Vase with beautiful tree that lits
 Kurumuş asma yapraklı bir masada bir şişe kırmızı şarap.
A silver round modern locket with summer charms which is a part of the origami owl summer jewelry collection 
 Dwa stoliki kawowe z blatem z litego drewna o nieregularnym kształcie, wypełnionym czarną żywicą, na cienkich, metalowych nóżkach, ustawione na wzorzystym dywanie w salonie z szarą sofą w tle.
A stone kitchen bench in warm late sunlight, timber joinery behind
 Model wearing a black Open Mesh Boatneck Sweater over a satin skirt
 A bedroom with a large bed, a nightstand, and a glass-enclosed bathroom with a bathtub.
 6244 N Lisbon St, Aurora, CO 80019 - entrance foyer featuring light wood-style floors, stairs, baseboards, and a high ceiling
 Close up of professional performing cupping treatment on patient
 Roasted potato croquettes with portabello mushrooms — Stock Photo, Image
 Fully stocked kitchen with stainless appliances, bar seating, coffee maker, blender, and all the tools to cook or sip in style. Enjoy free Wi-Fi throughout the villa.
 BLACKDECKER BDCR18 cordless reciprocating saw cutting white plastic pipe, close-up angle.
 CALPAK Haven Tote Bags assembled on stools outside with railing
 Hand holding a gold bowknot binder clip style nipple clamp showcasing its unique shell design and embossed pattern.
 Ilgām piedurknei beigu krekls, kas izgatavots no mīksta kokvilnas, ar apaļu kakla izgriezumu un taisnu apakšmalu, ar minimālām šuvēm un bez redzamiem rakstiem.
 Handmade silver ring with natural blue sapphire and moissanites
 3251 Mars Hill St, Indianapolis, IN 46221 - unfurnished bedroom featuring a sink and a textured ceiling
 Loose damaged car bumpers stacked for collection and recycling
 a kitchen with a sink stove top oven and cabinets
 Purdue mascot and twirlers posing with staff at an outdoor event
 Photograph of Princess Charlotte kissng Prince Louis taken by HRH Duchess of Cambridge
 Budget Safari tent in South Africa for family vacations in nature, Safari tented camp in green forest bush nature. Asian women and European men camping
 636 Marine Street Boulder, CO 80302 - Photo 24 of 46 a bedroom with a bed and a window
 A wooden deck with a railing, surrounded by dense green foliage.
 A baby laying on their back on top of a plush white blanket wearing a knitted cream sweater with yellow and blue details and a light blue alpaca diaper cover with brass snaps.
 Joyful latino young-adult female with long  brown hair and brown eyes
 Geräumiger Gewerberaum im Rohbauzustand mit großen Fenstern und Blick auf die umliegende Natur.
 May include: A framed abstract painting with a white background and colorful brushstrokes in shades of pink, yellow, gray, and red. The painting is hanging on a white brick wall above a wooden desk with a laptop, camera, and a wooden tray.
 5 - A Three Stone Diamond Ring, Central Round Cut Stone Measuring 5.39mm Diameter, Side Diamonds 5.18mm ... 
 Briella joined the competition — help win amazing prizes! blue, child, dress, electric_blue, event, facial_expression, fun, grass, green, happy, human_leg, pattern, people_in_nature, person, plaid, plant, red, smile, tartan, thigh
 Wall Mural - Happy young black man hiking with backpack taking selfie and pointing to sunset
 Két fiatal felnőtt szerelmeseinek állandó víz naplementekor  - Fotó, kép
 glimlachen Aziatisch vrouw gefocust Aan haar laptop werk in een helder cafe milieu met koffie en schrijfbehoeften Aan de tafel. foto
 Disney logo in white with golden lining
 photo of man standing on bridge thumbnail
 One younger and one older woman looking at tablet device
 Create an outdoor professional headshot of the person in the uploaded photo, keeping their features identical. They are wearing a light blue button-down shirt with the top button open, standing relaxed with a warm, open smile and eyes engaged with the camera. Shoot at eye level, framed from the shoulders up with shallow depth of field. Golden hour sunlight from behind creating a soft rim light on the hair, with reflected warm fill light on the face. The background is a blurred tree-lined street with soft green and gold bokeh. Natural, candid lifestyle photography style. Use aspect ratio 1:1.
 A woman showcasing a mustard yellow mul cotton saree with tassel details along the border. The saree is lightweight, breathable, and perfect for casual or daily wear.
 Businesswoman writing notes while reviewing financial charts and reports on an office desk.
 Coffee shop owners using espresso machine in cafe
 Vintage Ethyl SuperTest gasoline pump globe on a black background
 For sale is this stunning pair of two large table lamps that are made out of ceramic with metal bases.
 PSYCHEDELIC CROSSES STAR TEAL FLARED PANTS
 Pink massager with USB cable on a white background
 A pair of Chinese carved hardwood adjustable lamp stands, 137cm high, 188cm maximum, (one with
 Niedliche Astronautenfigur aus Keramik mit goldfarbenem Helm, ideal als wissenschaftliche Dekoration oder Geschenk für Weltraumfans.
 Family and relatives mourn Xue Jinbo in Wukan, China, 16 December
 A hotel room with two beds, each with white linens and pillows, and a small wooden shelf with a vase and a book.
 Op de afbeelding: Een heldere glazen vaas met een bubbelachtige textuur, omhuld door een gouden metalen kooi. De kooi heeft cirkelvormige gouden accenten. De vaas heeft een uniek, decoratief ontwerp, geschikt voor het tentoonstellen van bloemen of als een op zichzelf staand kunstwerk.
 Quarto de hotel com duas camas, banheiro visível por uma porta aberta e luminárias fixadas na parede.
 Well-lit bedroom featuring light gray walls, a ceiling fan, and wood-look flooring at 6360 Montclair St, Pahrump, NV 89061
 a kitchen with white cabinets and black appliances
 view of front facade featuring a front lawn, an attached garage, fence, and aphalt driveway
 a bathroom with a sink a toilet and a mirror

--- TASK REQUIREMENTS ---
Write out each line exactly, as it is shown above.

--- EXPECTED ANSWER ---
Vase with beautiful tree that lits
 Kurumuş asma yapraklı bir masada bir şişe kırmızı şarap.
A silver round modern locket with summer charms which is a part of the origami owl summer jewelry collection 
 Dwa stoliki kawowe z blatem z litego drewna o nieregularnym kształcie, wypełnionym czarną żywicą, na cienkich, metalowych nóżkach, ustawione na wzorzystym dywanie w salonie z szarą sofą w tle.
A stone kitchen bench in warm late sunlight, timber joinery behind
 Model wearing a black Open Mesh Boatneck Sweater over a satin skirt
 A bedroom with a large bed, a nightstand, and a glass-enclosed bathroom with a bathtub.
 6244 N Lisbon St, Aurora, CO 80019 - entrance foyer featuring light wood-style floors, stairs, baseboards, and a high ceiling
 Close up of professional performing cupping treatment on patient
 Roasted potato croquettes with portabello mushrooms — Stock Photo, Image
 Fully stocked kitchen with stainless appliances, bar seating, coffee maker, blender, and all the tools to cook or sip in style. Enjoy free Wi-Fi throughout the villa.
 BLACKDECKER BDCR18 cordless reciprocating saw cutting white plastic pipe, close-up angle.
 CALPAK Haven Tote Bags assembled on stools outside with railing
 Hand holding a gold bowknot binder clip style nipple clamp showcasing its unique shell design and embossed pattern.
 Ilgām piedurknei beigu krekls, kas izgatavots no mīksta kokvilnas, ar apaļu kakla izgriezumu un taisnu apakšmalu, ar minimālām šuvēm un bez redzamiem rakstiem.
 Handmade silver ring with natural blue sapphire and moissanites
 3251 Mars Hill St, Indianapolis, IN 46221 - unfurnished bedroom featuring a sink and a textured ceiling
 Loose damaged car bumpers stacked for collection and recycling
 a kitchen with a sink stove top oven and cabinets
 Purdue mascot and twirlers posing with staff at an outdoor event
 Photograph of Princess Charlotte kissng Prince Louis taken by HRH Duchess of Cambridge
 Budget Safari tent in South Africa for family vacations in nature, Safari tented camp in green forest bush nature. Asian women and European men camping
 636 Marine Street Boulder, CO 80302 - Photo 24 of 46 a bedroom with a bed and a window
 A wooden deck with a railing, surrounded by dense green foliage.
 A baby laying on their back on top of a plush white blanket wearing a knitted cream sweater with yellow and blue details and a light blue alpaca diaper cover with brass snaps.
 Joyful latino young-adult female with long  brown hair and brown eyes
 Geräumiger Gewerberaum im Rohbauzustand mit großen Fenstern und Blick auf die umliegende Natur.
 May include: A framed abstract painting with a white background and colorful brushstrokes in shades of pink, yellow, gray, and red. The painting is hanging on a white brick wall above a wooden desk with a laptop, camera, and a wooden tray.
 5 - A Three Stone Diamond Ring, Central Round Cut Stone Measuring 5.39mm Diameter, Side Diamonds 5.18mm ... 
 Briella joined the competition — help win amazing prizes! blue, child, dress, electric_blue, event, facial_expression, fun, grass, green, happy, human_leg, pattern, people_in_nature, person, plaid, plant, red, smile, tartan, thigh
 Wall Mural - Happy young black man hiking with backpack taking selfie and pointing to sunset
 Két fiatal felnőtt szerelmeseinek állandó víz naplementekor  - Fotó, kép
 glimlachen Aziatisch vrouw gefocust Aan haar laptop werk in een helder cafe milieu met koffie en schrijfbehoeften Aan de tafel. foto
 Disney logo in white with golden lining
 photo of man standing on bridge thumbnail
 One younger and one older woman looking at tablet device
 Create an outdoor professional headshot of the person in the uploaded photo, keeping their features identical. They are wearing a light blue button-down shirt with the top button open, standing relaxed with a warm, open smile and eyes engaged with the camera. Shoot at eye level, framed from the shoulders up with shallow depth of field. Golden hour sunlight from behind creating a soft rim light on the hair, with reflected warm fill light on the face. The background is a blurred tree-lined street with soft green and gold bokeh. Natural, candid lifestyle photography style. Use aspect ratio 1:1.
 A woman showcasing a mustard yellow mul cotton saree with tassel details along the border. The saree is lightweight, breathable, and perfect for casual or daily wear.
 Businesswoman writing notes while reviewing financial charts and reports on an office desk.
 Coffee shop owners using espresso machine in cafe
 Vintage Ethyl SuperTest gasoline pump globe on a black background
 For sale is this stunning pair of two large table lamps that are made out of ceramic with metal bases.
 PSYCHEDELIC CROSSES STAR TEAL FLARED PANTS
 Pink massager with USB cable on a white background
 A pair of Chinese carved hardwood adjustable lamp stands, 137cm high, 188cm maximum, (one with
 Niedliche Astronautenfigur aus Keramik mit goldfarbenem Helm, ideal als wissenschaftliche Dekoration oder Geschenk für Weltraumfans.
 Family and relatives mourn Xue Jinbo in Wukan, China, 16 December
 A hotel room with two beds, each with white linens and pillows, and a small wooden shelf with a vase and a book.
 Op de afbeelding: Een heldere glazen vaas met een bubbelachtige textuur, omhuld door een gouden metalen kooi. De kooi heeft cirkelvormige gouden accenten. De vaas heeft een uniek, decoratief ontwerp, geschikt voor het tentoonstellen van bloemen of als een op zichzelf staand kunstwerk.
 Quarto de hotel com duas camas, banheiro visível por uma porta aberta e luminárias fixadas na parede.
 Well-lit bedroom featuring light gray walls, a ceiling fan, and wood-look flooring at 6360 Montclair St, Pahrump, NV 89061
 a kitchen with white cabinets and black appliances
 view of front facade featuring a front lawn, an attached garage, fence, and aphalt driveway
 a bathroom with a sink a toilet and a mirror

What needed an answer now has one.